Not sure about these serial numbers but I pulled the bottom bracket and got it. Just thought this could be fun. Picked this up at a garage sale Sunday and my 5 year old is loving it!


----------



## Cory (Mar 16, 2015)

She is MINTY


----------



## rustjunkie (Mar 16, 2015)

1980


----------



## Cory (Mar 16, 2015)

Nope (going off the crank).


----------



## rustjunkie (Mar 16, 2015)

Cory said:


> Nope (going off the crank).




ah, just now saw the serial # after replying...dunno what it means anyway!


----------



## Cory (Mar 16, 2015)

How do you brake down this serial number?


----------



## Cory (Mar 16, 2015)

Looks different to me.


----------



## Metacortex (Mar 16, 2015)

According to a dealer News Flash the serial number on Pixies and Lil' Tigers was moved from the seat mast to the head tube on about mid-Feb. '75, so with that in mind and taking into account the Flamboyant Red color and short rear fender design I'd say it has to be either a '75, '76 or '78 model: http://bikecatalogs.org/SCHWINN/MODELS/Lil' Tiger.html


----------



## Cory (Mar 16, 2015)

Well its narrowed down to 3 choices then?


----------



## Metacortex (Mar 16, 2015)

OK I'll narrow my guess down to '76. Post a close-up of the headbadge, might find another clue there...


----------



## mickeyc (Mar 16, 2015)

And another one....
http://detroit.craigslist.org/mcb/bik/4934515822.html


----------



## island schwinn (Mar 16, 2015)

The serial on lil tigers doesn't tell the year.the date is on the crank.
Thinking 76 also due to color and short rear fender and full circle chainguard.


----------



## Cory (Mar 16, 2015)




----------



## Cory (Mar 16, 2015)

Okay you guys got it, 76. really cool info.
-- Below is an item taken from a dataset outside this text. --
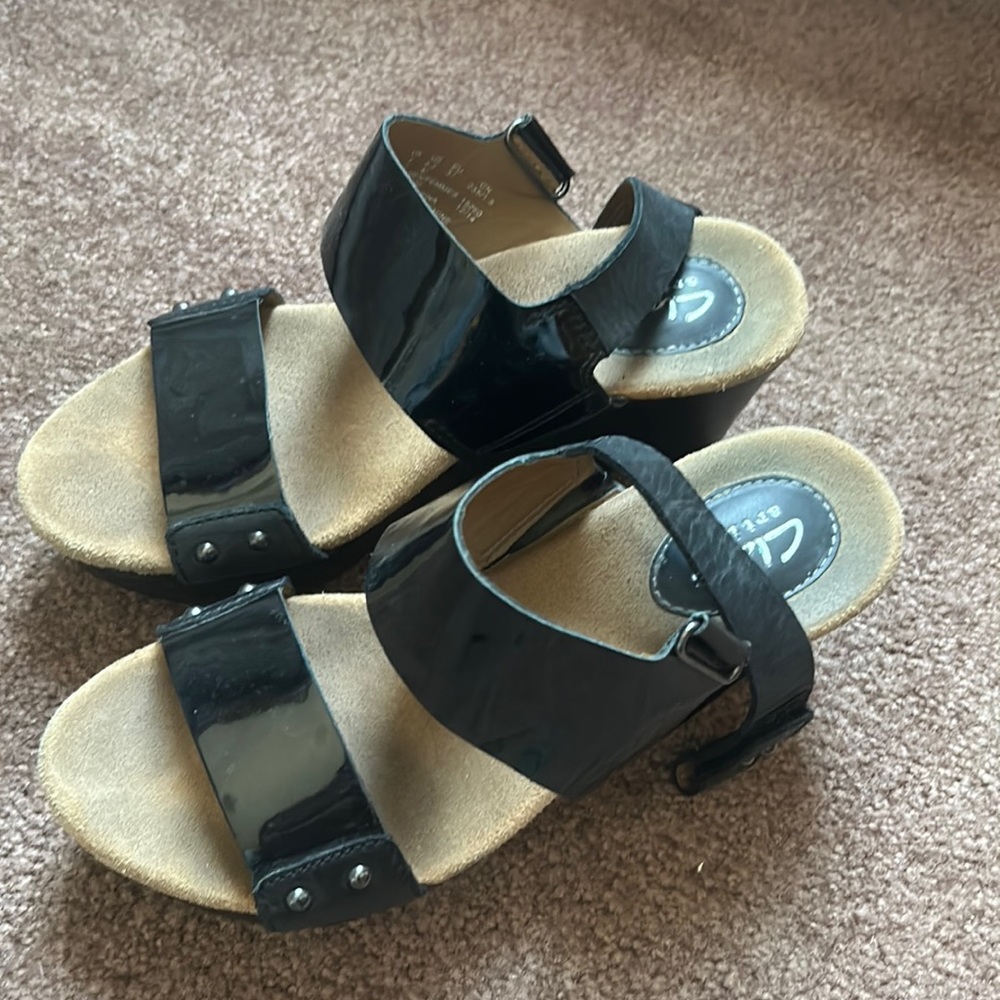 Black Clark’s wedges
Thanks for playing along, lots of fun [emoji4]


----------



## Cory (Mar 16, 2015)

mickeyc said:


> And another one....
> http://detroit.craigslist.org/mcb/bik/4934515822.html



Yikes that guy is asking  $300. That sounds like a bit on the high side to me. I was thinking in the $150-$175 range.


----------



## Cory (Mar 16, 2015)

Cory said:


> Yikes that guy is asking  $300. That sounds like a bit on the high side to me. I was thinking in the $150-$175 range.



For my bike, which looks quite a bit better condition than this Craigslist bike.


----------



## GTs58 (Mar 16, 2015)

Two winners! And the build date on the headbadge is the same year as the crank. Man, sure looks like the bottom bracket is pretty dry.


----------



## Cory (Mar 16, 2015)

GTs58 said:


> Two winners! And the build date on the headbadge is the same year as the crank. Man, sure looks like the bottom bracket is pretty dry.
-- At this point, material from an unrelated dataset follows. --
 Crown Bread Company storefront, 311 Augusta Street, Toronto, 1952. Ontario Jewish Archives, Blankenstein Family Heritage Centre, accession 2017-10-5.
How do you tell the build date on the headbadge? If you don't mind me asking.


----------



## island schwinn (Mar 16, 2015)

2586 on the head badge means the 258th day of 76,with the 6 depicting the year.
Schwinn starting stamping head badges with the day and year the bike was actually built around 75/76.


----------



## Cory (Mar 16, 2015)

island schwinn said:


> 2586 on the head badge means the 258th day of 76,with the 6 depicting the year.
> Schwinn starting stamping head badges with the day and year the bike was actually built around 75/76.



Wow, cool info. Thanks so much for sharing.


----------



## island schwinn (Mar 16, 2015)

I have a 72 lil tiger in great shape with the exception of a few tears in the seat.on a good day 200 bucks isn't out of the question.these little bikes are hot items lately.


----------